The struggle to uncover women's working lives lies at the heart of this book. Gowing emphasizes the informal and flexible nature of women's work as well as attempts by guilds to obscure the involvement of women within their institutions. To combat the deliberate concealment and underreporting of women's work, Gowing uses a combination of court records, guild records, tax listings, wills, and indentures, alongside print sources and the occasional set of letters or diaries to reconstruct women's working lives. She makes particular use of records from the Mayor's Court, a common law and, to a lesser degree, equity court that was used by apprentices and their families or by masters and mistresses to dissolve apprenticeship contracts and recoup fees or damages. The reconstruction of women's working lives through these sources is impressive, although it can sometimes be difficult to follow the threads being connected between different sources. The one network graph used in the book could be used to greater effect in illustrating individual women's networks as they are mentioned.
One of the book's main triumphs is that it carries out an examination of women's working lives that is not dictated by the institution of marriage. Previous socioeconomic studies have tended to focus on a particular group of women—married, single, or widowed—and little work has focused on young women. In contrast, Gowing's approach incorporates the whole life cycle, which is represented structurally in the book's transition through apprenticeship, mistresses, and freewomen. This approach reveals how women planned for and carried out training that led to independent careers as single women or that adapted to lifecycle changes such as marriage, childrearing, and widowhood. She demonstrates that single women's working lives were more similar to those of men, while marriage could both offer opportunities for women to engage in trade as well as restrict them from it.
The book identifies strong links between occupational and gender identities, demonstrating that apprenticeship involved not only crafting a career but also the crafting of gender through the teaching of bodily and behavioral conduct. Not all apprenticeships were equal, though. Status had important implications for female apprenticeship and women's working lives, from the skills learned to the relationship between mistress and apprentice. However, cheaper apprenticeships, and particularly pauper apprenticeships, are discussed to a lesser degree throughout, as Gowing admits that premium apprenticeships leave a clearer trace in the archives, meaning the book does not always incorporate the whole social strata.

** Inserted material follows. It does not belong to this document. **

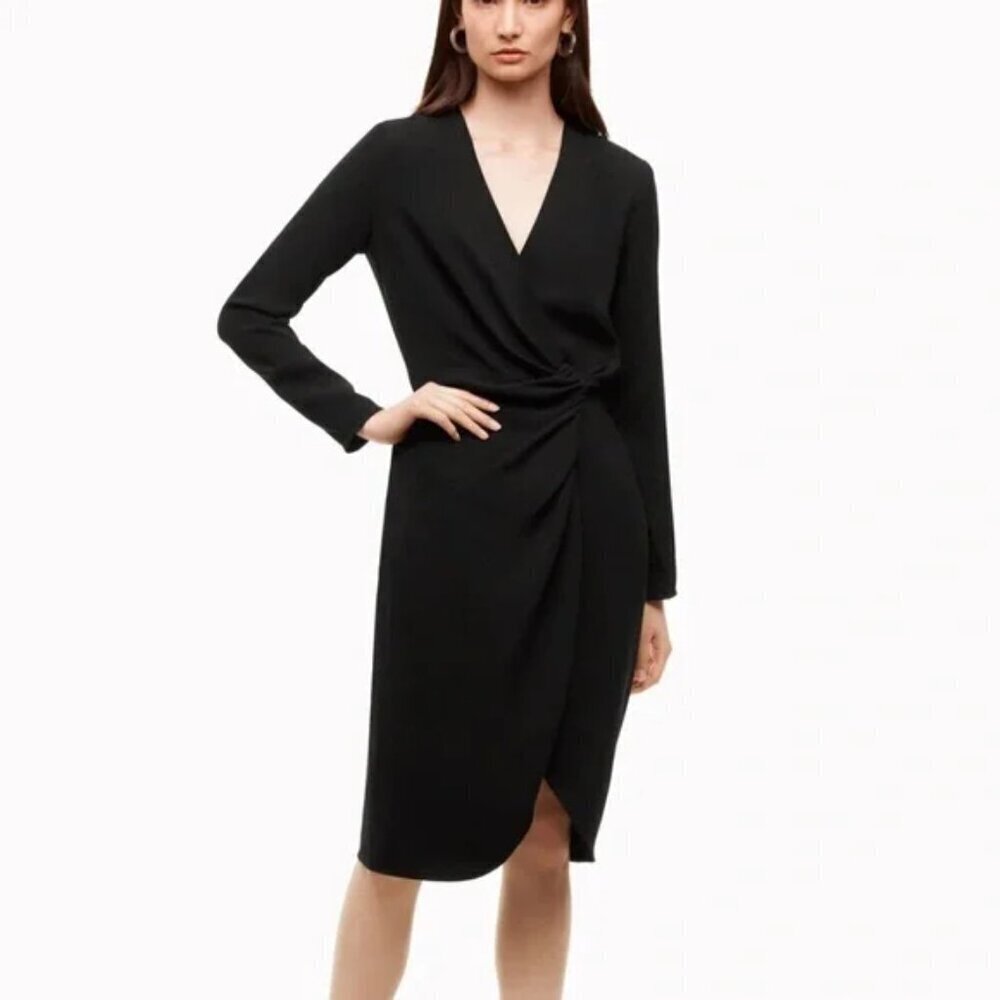 Aritzia Babaton Tadao Dress Black- Long Sleeve V-Neckline Midi Dress-Size Medium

The book, quite obviously, only accounts for London and not the rest of England. The number of female apprentices was likely lower in provincial centers, and the working lives of women in rural England were even further removed from the metropolitan model outlined in the book. However, this is far from a criticism. Gowing's extensive research into the working lives of women in London, and her lifecycle approach, will hopefully prompt further, similar studies into women's working lives across England and beyond. The book will be of great interest to socioeconomic and cultural historians of early modern England, especially historians of gender, trade, and sociability.